California Rep. Eric Swalwell (D) finally made good on his promise to serve Republican Rep. Mo Brooks (Ala.) with a lawsuit over his alleged role in the deadly riot at the United States Capitol on Jan. 6.
After being served, Brooks alleged that Swalwell's "team" broke into his personal residence and "accosted" his wife.
What are the details?
Swalwell filed a lawsuit against former President Donald Trump, Rudy Giuliani, Donald Trump Jr., and Brooks alleging they provoked the Capitol riot by alleging voter fraud marred the 2020 election.
Not only that, but the lawsuit claims the defendants broke laws in Washington, D.C., "including an anti-terrorism act, by inciting the riot, and that they aided and abetted violent rioters and inflicted emotional distress on members of Congress," CNN reported.
The lawsuit was filed in March, but Swalwell's legal team told a judge they had difficulty locating Brooks to serve him with the suit.
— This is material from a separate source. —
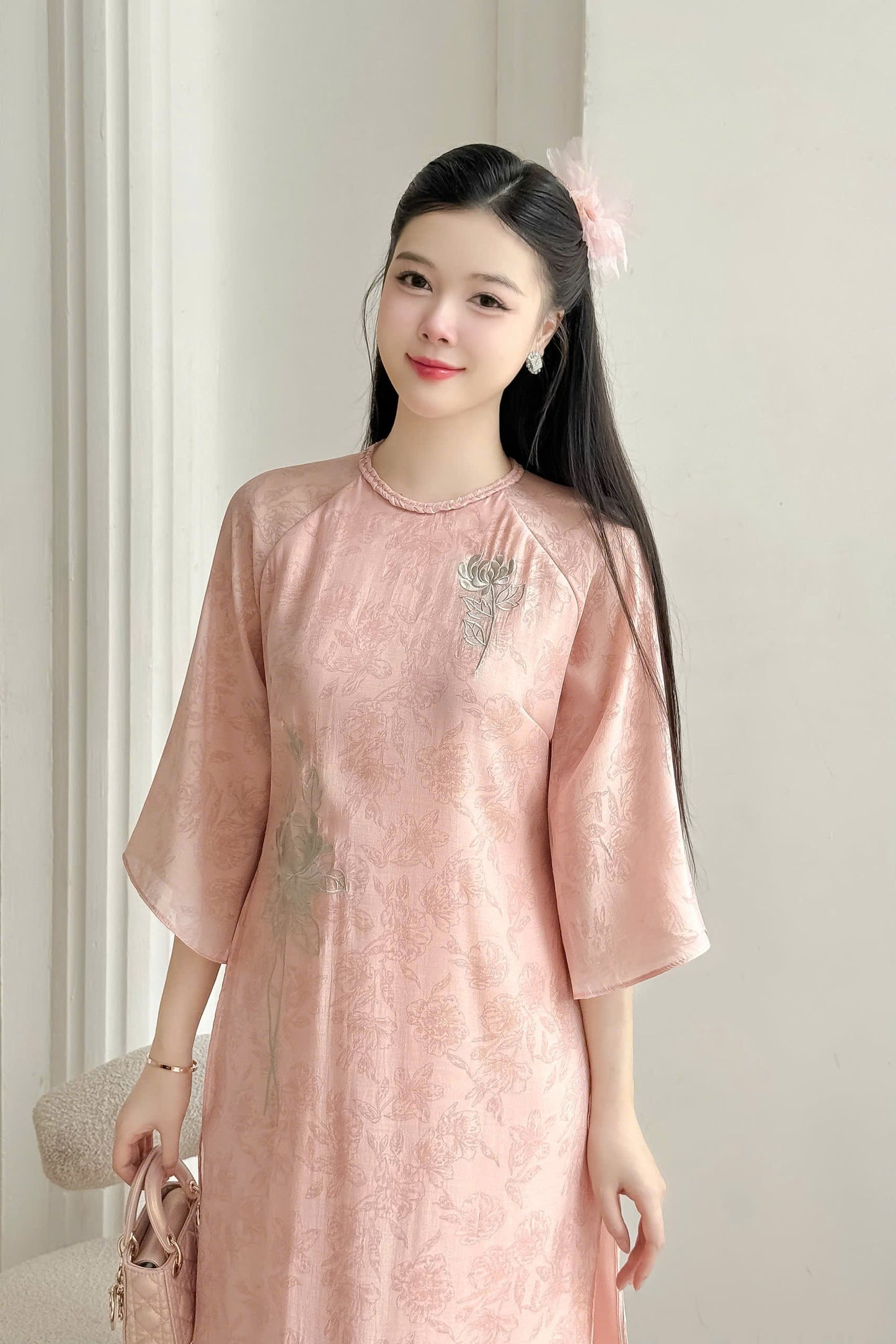 Nha Lam Ao Dai | Peony Chrysanthemum Ao Dai Set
Federal Judge Amit Mehta refused to allow U.S. Marshals to serve Brooks with the lawsuit, citing "separation of powers concerns."
Swalwell's legal team hired a private investigator to locate Brooks. But even the investigator could not initially find the congressman. Brooks taunted Swalwell on Friday over the private investigator's inability to find him.
Over the weekend, the private investigator finally delivered the lawsuit to Brooks' wife in Alabama, Matthew Kaiser, an attorney for Swalwell, told CNN.
What did Brooks say?
Brooks alleged the private investigator not only delivered the lawsuit, but committed criminal trespass in the process — and even alleged that his wife had been "accosted."
"Well, Swalwell FINALLY did his job, served complaint (on my WIFE). HORRIBLE Swalwell's team committed a CRIME by unlawfully sneaking INTO MY HOUSE & accosting my wife!" Brooks tweeted.
"Alabama Code 13A-7-2: 1st degree criminal trespass. Year in jail. $6000 fine. More to come!" he added.
How did Swalwell's team respond?
Philip Andonian, an attorney for Swalwell, spoke with CNN, denied Brooks' allegations, and attacked the congressman for not volunteering to be served with the lawsuit.
"No one entered or even attempted to enter the Brooks' house. That allegation is completely untrue. A process server lawfully served the papers on Mo Brooks' wife, as the federal rules allow," Andonian said.
"This was after her initial efforts to avoid service. Mo Brooks has no one but himself to blame for the fact that it came to this. We asked him to waive service, we offered to meet him at a place of his choosing. Instead of working things out like a civilized person, he engaged in a juvenile game of Twitter trolling over the past few days and continued to evade service," Andonian added. "He demanded that we serve him. We did just that. The important thing is the complaint has been served and Mo Brooks can now be held accountable for his role in inciting the deadly insurrection at the Capitol."